Perhaps it’s because there is so much of me to fit in my life that I tend to put certain aspects of myself into boxes when they don’t seem to fit. Spiritualist medium + ambitious communications professional didn’t seem congruent when I moved to Eugene. So one of them got packed away for a while.
Plus, I couldn’t find any Spiritualist churches or groups in Eugene. If I wanted to do something, I’d have to create it myself — and with a full-time job, a live-in mother, two little kids and a disintegrating marriage, it wasn’t going to happen.

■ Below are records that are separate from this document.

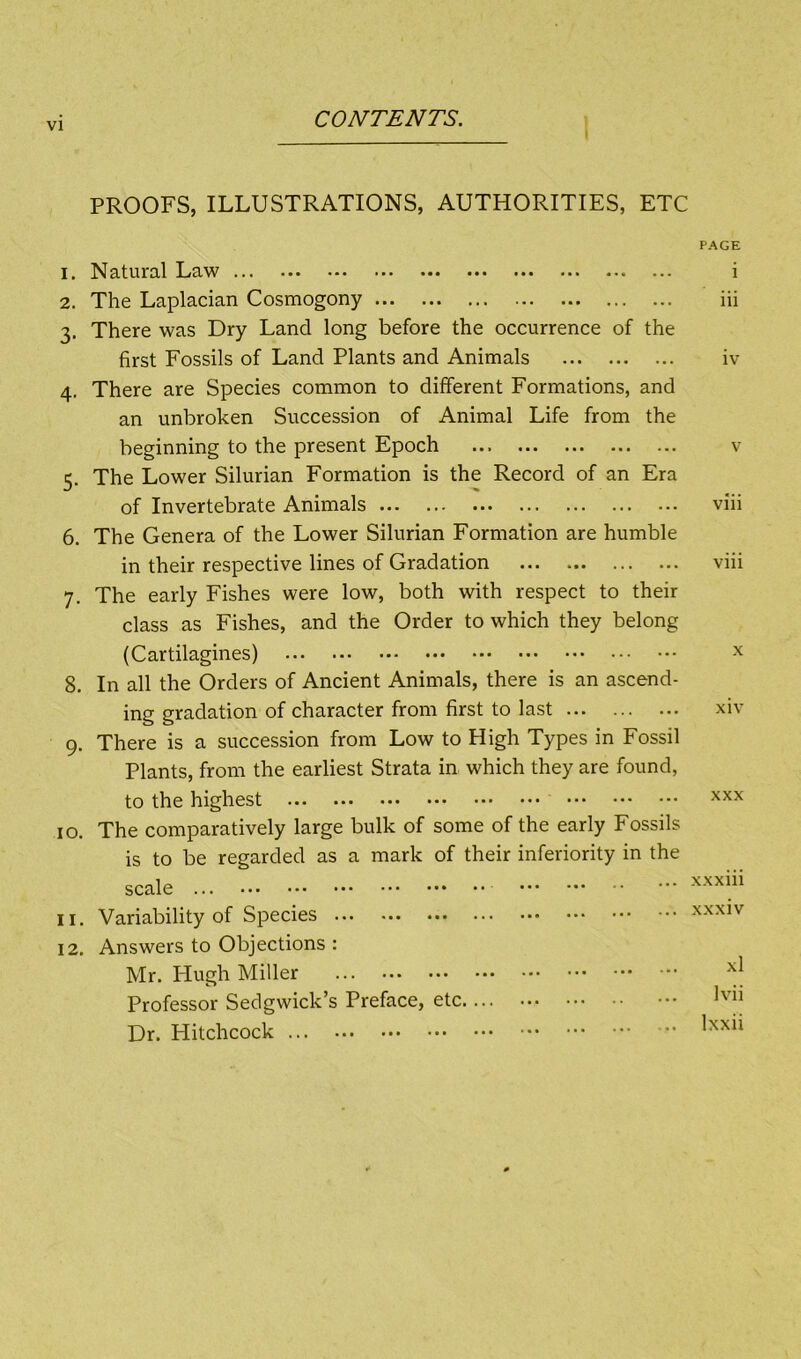 PROOFS, ILLUSTRATIONS, AUTHORITIES, ETC 1. ^J3,tUirCLl I-/c^.^V ••• -*• ••• ••• ••• ••• ••• 2. The Laplacian Cosmogony 3. There was Dry Land long before the occurrence of the first Fossils of Land Plants and Animals 4. There are Species common to different Formations, and an unbroken Succession of Animal Life from the beginning to the present Epoch 5. The Lower Silurian Formation is the Record of an Era of Invertebrate Animals 6. The Genera of the Lower Silurian Formation are humble in their respective lines of Gradation 7. The early Fishes were low, both with respect to their class as Fishes, and the Order to which they belong (Cartilagines) 8. In all the Orders of Ancient Animals, there is an ascend- ing gradation of character from first to last 9. There is a succession from Low to High Types in Fossil Plants, from the earliest Strata in which they are found, to the highest 10. The comparatively large bulk of some of the early Fossils is to be regarded as a mark of their inferiority in the scale 11. Variability of Species 12. Answers to Objections : Mr. Hugh Miller Professor Sedgwick’s Preface, etc Dr. Hitchcock PAGE i iii iv V viii viii X xiv XXX xxxiii xxxiv xl Ivii Ixxii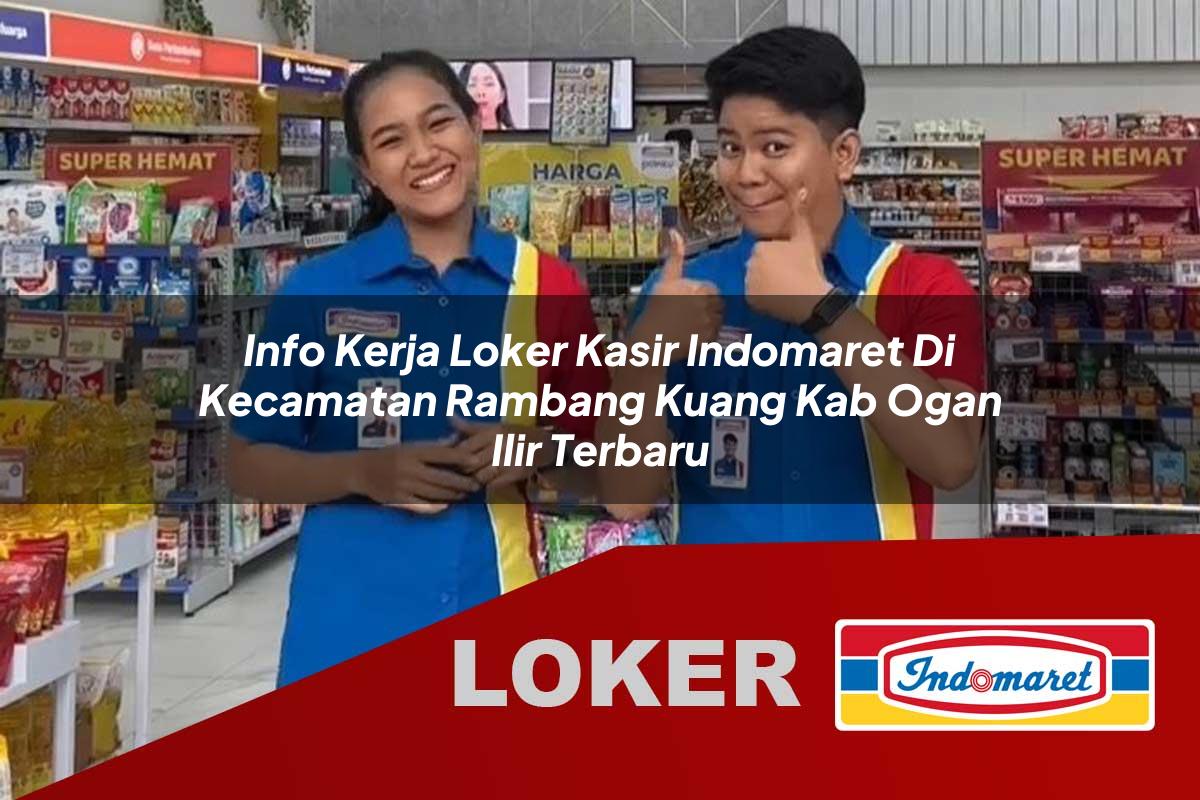 info kerja loker kasir indomaret di kecamatan rambang kuang kab ogan ilir terbaru 1755969686
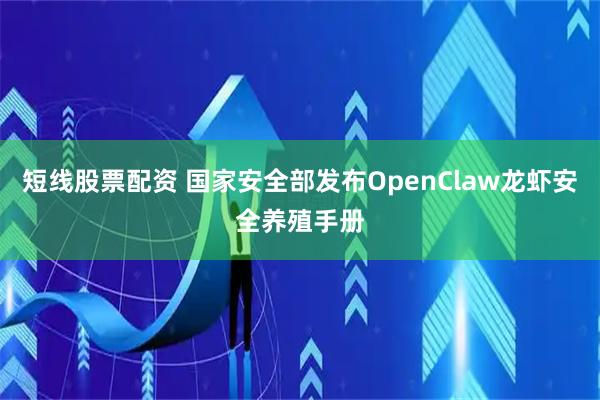 短线股票配资 国家安全部发布OpenClaw龙虾安全养殖手册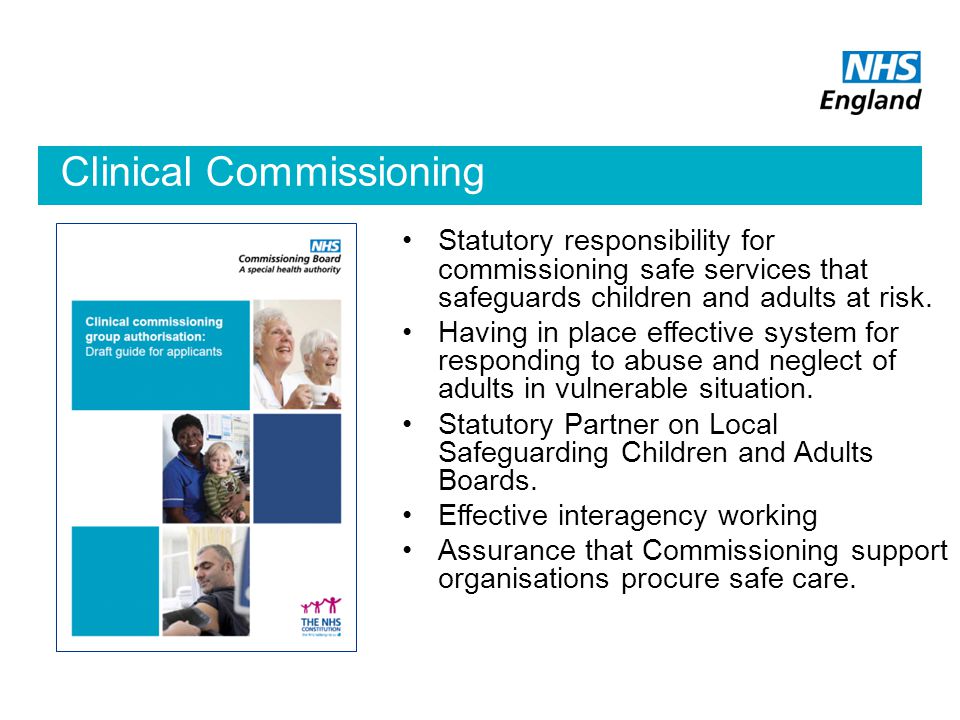 Clinical Commissioning Authorisation Statutory responsibility for commissioning safe services that safeguards children and adults at risk.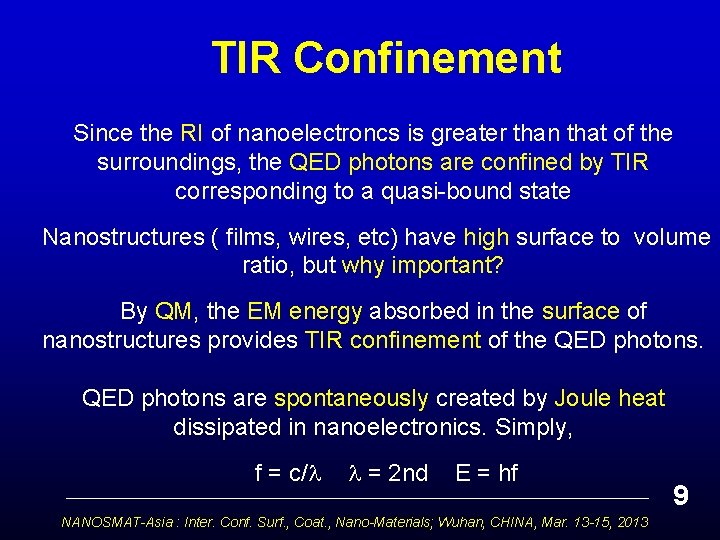 TIR Confinement Since the RI of nanoelectroncs is greater than that of the surroundings,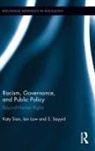 Ian Law, Law Ian, S. Sayyid, Sayyid S., Katy Sian, Katy (University of Manchester Sian - Racism, Governance, and Public Policy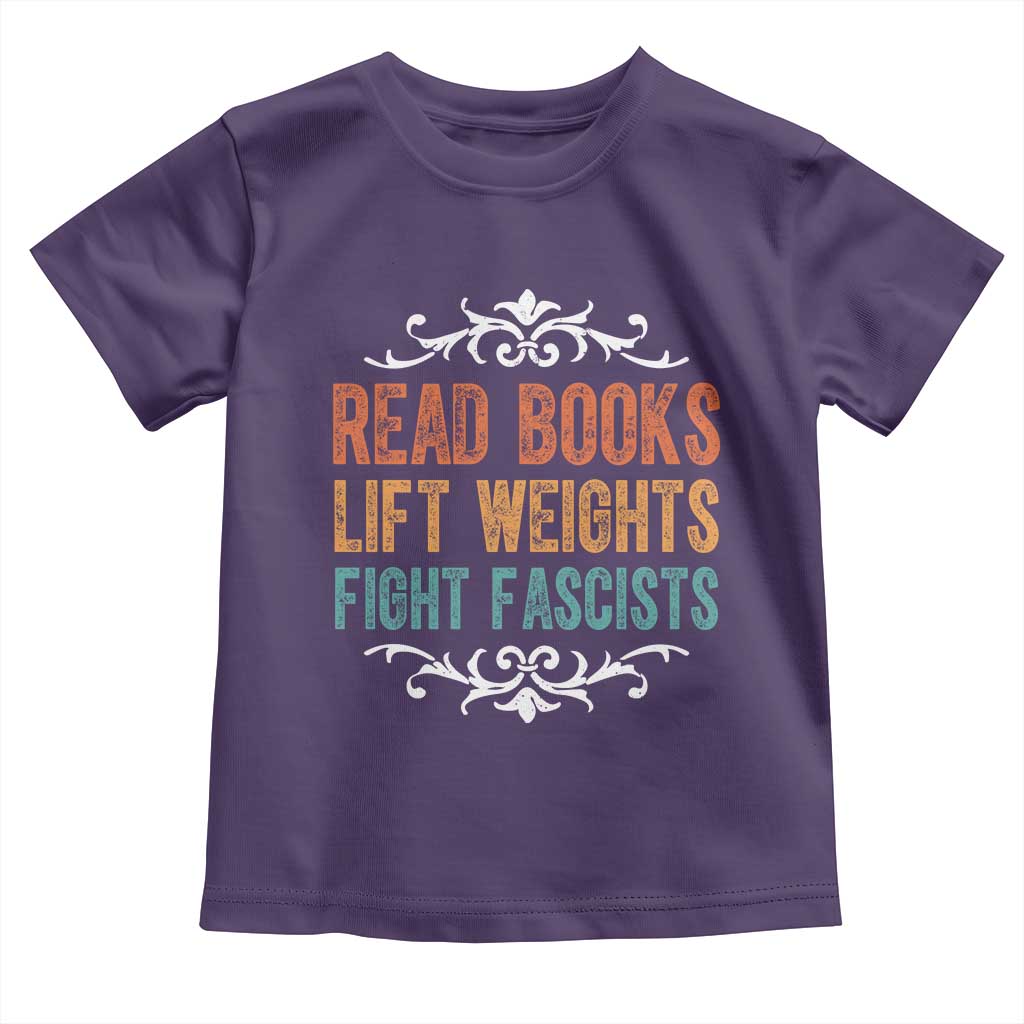 Read Books Lift Weights Fight Fascists Toddler T Shirt Reading Activism - Wonder Print Shop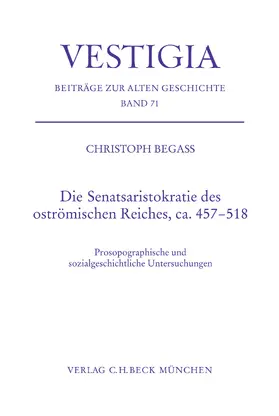 Begass |  Die Senatsaristokratie des oströmischen Reiches, ca. 457-518 | Buch |  Sack Fachmedien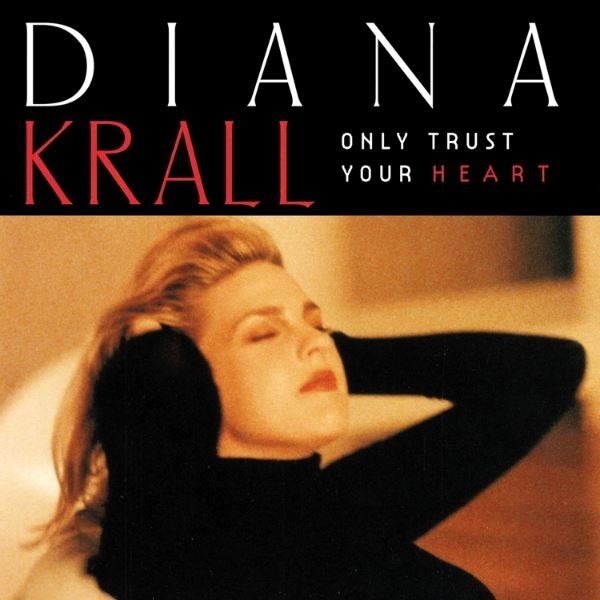 Diana Krall Only Trust Your Heart LP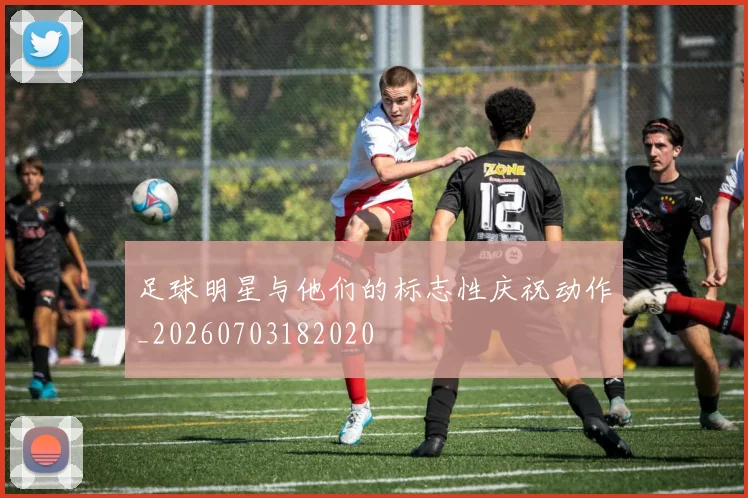 足球明星与他们的标志性庆祝动作_20260703182020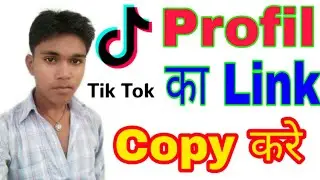 How to copy tik tok link // Tik tok ka link kaise copy kare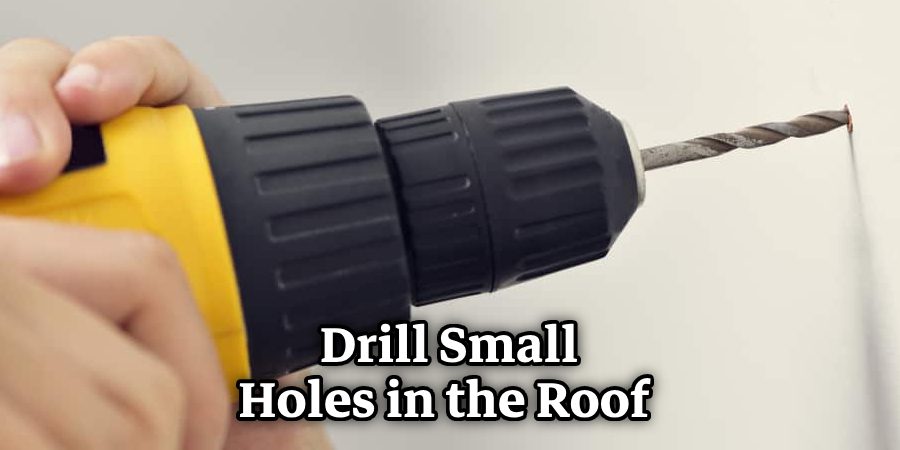 Drill Small Holes in the Roof 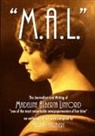 Madeline Linford, Michael Herbert - "M.A.L" The Journalism and Writing of Madeline Alberta Linford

And yet it’s nagged at me. Much like my repressed memories of abuse when I was younger. I knew something was there, even if I was purposefully forgetting it.
Re-opening to myself
In the last few months, as I’ve purposefully pawed through old boxes of memories (literal and figurative), I’ve noticed that I am admirably surviving the experience. And with time to finally think complete thoughts that aren’t solely about my workload, kids’ homework or what to cook for dinner I’ve been feeling the prodding from Spirit.
Perhaps, I thought, it’s time for that box to be reopened as well.
I took another look around to see if I could find any Spiritualist or mediumship groups meeting. Surely there must be a few psychics or mediums meeting in Eugene? (Not that they’re entirely the same — all mediums are psychics, but not all psychics are mediums.) We’re rife with Reiki healers and this is the West Coast, after all.
And every time I mentioned the dearth of such activity to someone, their response was, “Well, perhaps you need to create it.”
I hear you, Spirit.
So I did.
Calling all mediums (and smalls and larges)
We had our first circle last night, the Eugene Mediumship Development Circle. A kind and lovely member offered us her living room to meet in, as I haven’t yet had success securing an ongoing meeting location.
And it was amazing. I haven’t sat in energy like that in a long time. Not since I stopped hosting weekly mediumship circles at my house in Rochester after the kids were in bed. Spirit presences were there with us and the shared experience was just lovely.
The plan is to meet at least monthly, hopefully twice a month, probably the 2nd or 3rd Monday evening from 7-9 p.m. and another day during the day.
Want to join us? Have questions about mediumship? Let me know. It feels really good to have this aspect of my life present again.
* I realize, people of Rochester, NY, that you’ve known this about me all along. I’m sorry if this post is anticlimactic for you.